— EXERCISE DETAILS —
From the data that follows, print exactly the lines starting at the one containing "Mid Century Vintage" and ending at the one containing "Entrepôt à l'étranger"; include both of them and nothing more.

DATA FOR THIS EXERCISE Start Marker

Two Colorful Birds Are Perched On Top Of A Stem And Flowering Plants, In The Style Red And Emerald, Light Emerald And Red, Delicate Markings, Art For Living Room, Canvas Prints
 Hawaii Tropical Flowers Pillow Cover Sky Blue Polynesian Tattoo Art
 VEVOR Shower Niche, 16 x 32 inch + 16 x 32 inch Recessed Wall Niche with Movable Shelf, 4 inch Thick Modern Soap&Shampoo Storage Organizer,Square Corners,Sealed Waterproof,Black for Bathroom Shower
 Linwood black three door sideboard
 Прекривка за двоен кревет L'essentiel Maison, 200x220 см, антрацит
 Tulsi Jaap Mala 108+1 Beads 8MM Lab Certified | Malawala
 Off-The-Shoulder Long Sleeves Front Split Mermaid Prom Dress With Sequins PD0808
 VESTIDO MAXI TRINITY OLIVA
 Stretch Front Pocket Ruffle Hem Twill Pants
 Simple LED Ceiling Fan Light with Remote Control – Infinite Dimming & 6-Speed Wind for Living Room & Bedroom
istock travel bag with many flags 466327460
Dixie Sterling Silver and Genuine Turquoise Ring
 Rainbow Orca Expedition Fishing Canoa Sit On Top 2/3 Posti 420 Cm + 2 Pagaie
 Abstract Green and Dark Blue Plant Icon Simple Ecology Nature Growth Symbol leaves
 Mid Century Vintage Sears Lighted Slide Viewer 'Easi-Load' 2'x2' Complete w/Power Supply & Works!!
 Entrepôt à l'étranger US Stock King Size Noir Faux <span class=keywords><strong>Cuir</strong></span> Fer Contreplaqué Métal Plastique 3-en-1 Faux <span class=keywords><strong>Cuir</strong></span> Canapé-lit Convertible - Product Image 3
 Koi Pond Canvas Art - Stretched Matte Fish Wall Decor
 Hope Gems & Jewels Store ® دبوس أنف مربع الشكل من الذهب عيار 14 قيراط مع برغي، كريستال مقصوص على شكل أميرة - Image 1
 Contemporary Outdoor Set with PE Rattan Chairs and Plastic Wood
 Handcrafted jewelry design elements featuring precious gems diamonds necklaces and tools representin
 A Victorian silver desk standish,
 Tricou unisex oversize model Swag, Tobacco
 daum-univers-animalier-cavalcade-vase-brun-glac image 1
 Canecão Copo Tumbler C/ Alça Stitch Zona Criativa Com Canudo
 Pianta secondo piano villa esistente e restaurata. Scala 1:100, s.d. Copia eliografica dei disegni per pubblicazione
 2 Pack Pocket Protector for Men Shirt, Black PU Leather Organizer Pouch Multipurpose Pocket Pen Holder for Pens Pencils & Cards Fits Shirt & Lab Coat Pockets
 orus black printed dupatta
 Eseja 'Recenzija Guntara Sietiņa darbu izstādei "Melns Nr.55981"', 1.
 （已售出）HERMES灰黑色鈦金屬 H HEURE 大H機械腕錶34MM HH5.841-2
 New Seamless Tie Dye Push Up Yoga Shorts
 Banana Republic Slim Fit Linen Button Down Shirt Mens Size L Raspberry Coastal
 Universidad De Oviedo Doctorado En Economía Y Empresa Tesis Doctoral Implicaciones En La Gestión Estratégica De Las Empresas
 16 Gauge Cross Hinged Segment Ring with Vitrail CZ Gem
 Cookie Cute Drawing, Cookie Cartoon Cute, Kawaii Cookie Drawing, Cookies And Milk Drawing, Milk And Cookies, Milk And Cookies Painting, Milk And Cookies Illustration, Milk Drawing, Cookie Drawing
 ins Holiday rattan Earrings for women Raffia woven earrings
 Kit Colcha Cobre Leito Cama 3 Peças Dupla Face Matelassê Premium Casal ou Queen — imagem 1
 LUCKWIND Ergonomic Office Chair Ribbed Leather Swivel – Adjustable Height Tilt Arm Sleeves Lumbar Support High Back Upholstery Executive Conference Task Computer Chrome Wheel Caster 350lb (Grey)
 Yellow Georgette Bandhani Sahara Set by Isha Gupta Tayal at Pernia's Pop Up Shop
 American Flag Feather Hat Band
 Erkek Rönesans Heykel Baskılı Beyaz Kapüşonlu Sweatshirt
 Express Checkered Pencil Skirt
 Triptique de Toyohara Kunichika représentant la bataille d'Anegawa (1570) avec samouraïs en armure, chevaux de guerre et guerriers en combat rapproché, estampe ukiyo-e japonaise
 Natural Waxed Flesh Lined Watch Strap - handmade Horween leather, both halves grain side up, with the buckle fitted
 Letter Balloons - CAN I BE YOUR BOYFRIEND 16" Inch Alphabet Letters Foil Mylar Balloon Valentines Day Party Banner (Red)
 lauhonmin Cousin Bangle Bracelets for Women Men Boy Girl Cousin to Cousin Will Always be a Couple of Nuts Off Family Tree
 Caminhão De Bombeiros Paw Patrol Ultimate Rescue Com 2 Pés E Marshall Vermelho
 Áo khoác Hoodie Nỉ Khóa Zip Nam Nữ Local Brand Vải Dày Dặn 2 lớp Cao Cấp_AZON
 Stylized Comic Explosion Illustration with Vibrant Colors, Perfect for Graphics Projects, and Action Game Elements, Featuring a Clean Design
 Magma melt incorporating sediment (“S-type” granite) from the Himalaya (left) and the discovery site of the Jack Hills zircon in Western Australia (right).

DATA FOR THIS EXERCISE End Marker

— WORKED SOLUTION —
 Mid Century Vintage Sears Lighted Slide Viewer 'Easi-Load' 2'x2' Complete w/Power Supply & Works!!
 Entrepôt à l'étranger US Stock King Size Noir Faux <span class=keywords><strong>Cuir</strong></span> Fer Contreplaqué Métal Plastique 3-en-1 Faux <span class=keywords><strong>Cuir</strong></span> Canapé-lit Convertible - Product Image 3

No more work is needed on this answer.